> **WHAT NEEDS TO BE DONE**
Reproduce exactly the lines from the one containing "BP Crown Logo Dad Hat Printify" through the last line of the records below, both included. Leave out any pictures.

Top of SUPPLIED MATERIAL

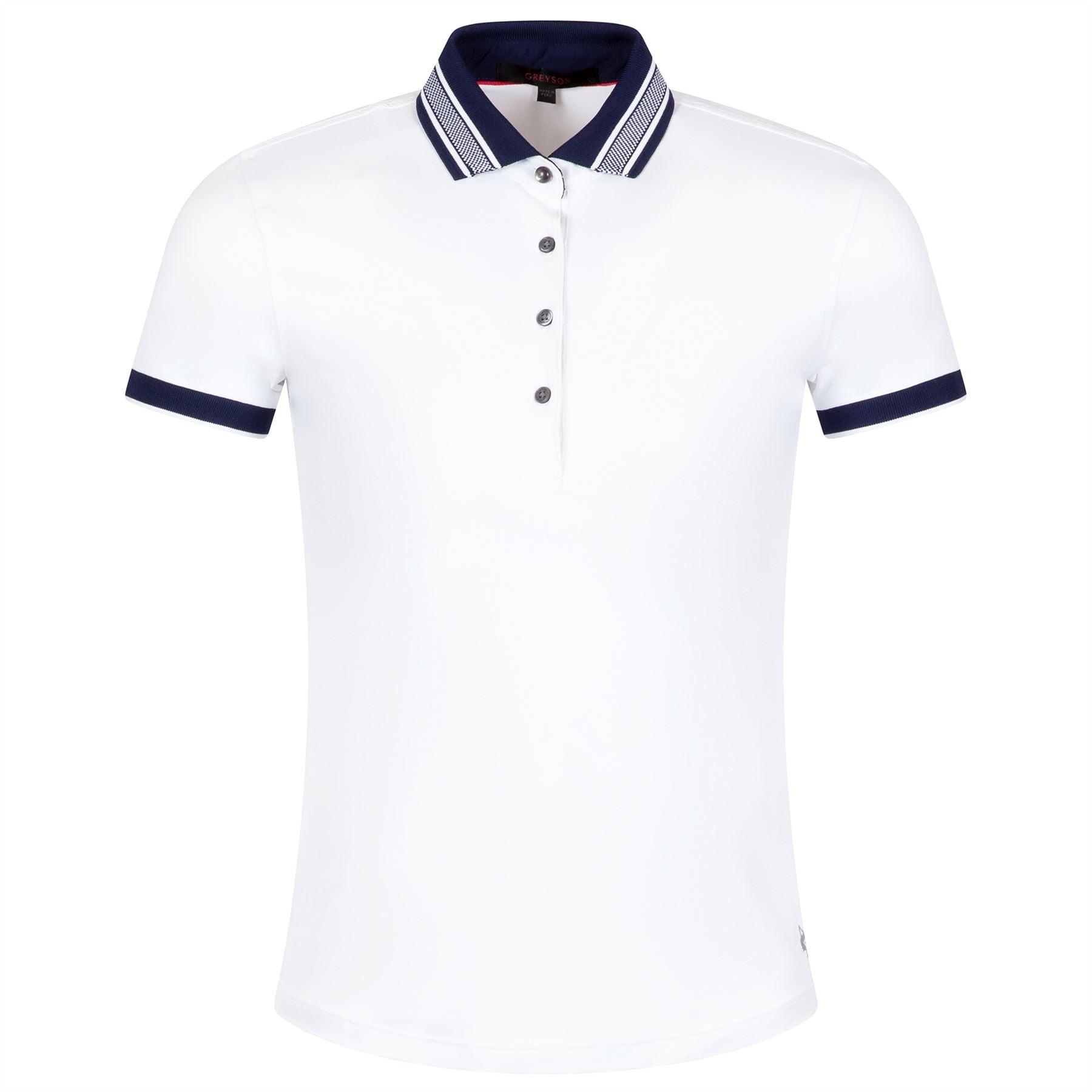 Womens Scarlett Crowley Polo Arctic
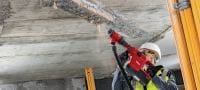 TE-YPX SM Burin plat SDS Max (TE-Y) de qualité supérieure pour le burinage et le traitement de surface dans le béton et la maçonnerie Applications 1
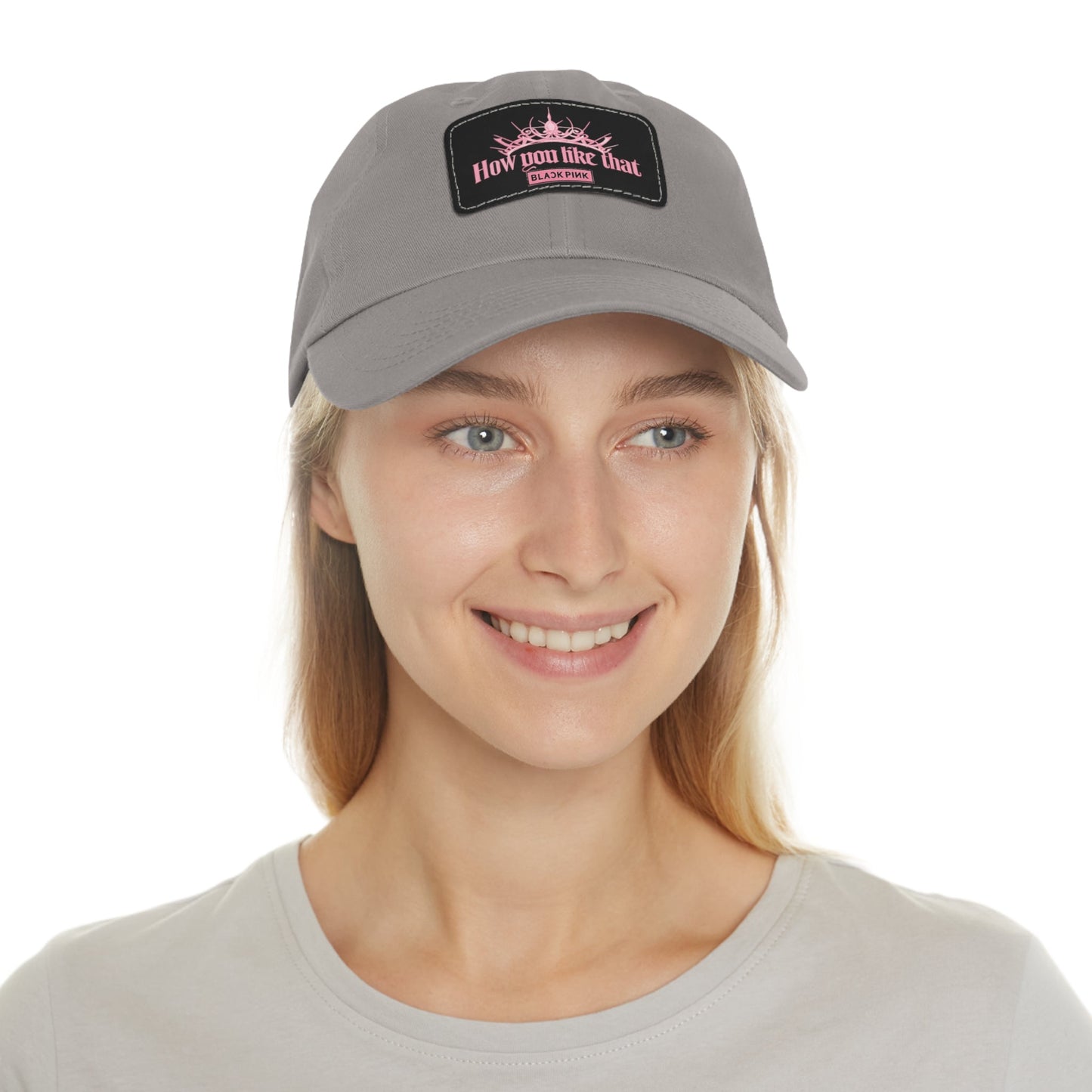 BP Crown Logo Dad Hat Printify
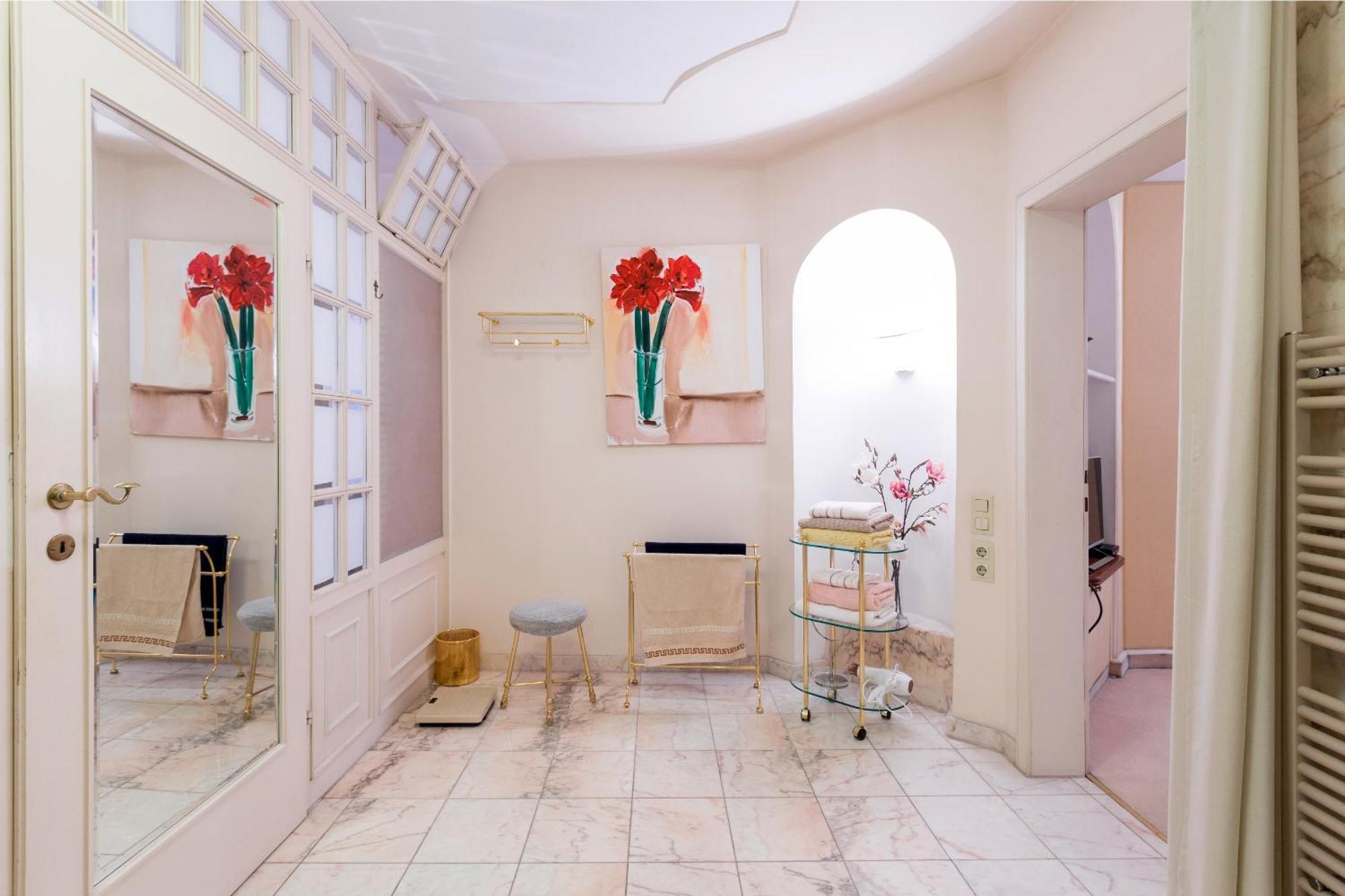 Apartment Sonnenfelsgasse เวียนนา ภายนอก รูปภาพ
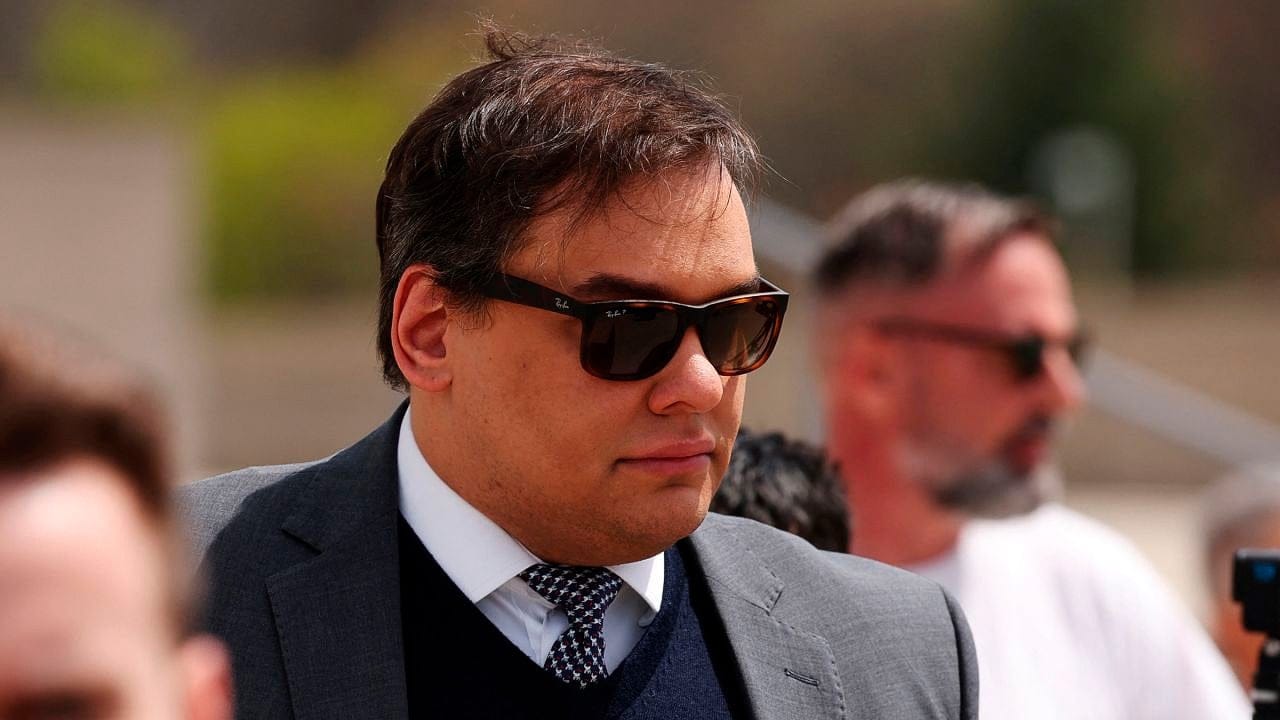 Trading Activity on Kalshi Linked to Former NY Rep. George Santos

Bottom of SUPPLIED MATERIAL

> **RESULT FOR THIS TASK**
 BP Crown Logo Dad Hat Printify
 Apartment Sonnenfelsgasse เวียนนา ภายนอก รูปภาพ
 Trading Activity on Kalshi Linked to Former NY Rep. George Santos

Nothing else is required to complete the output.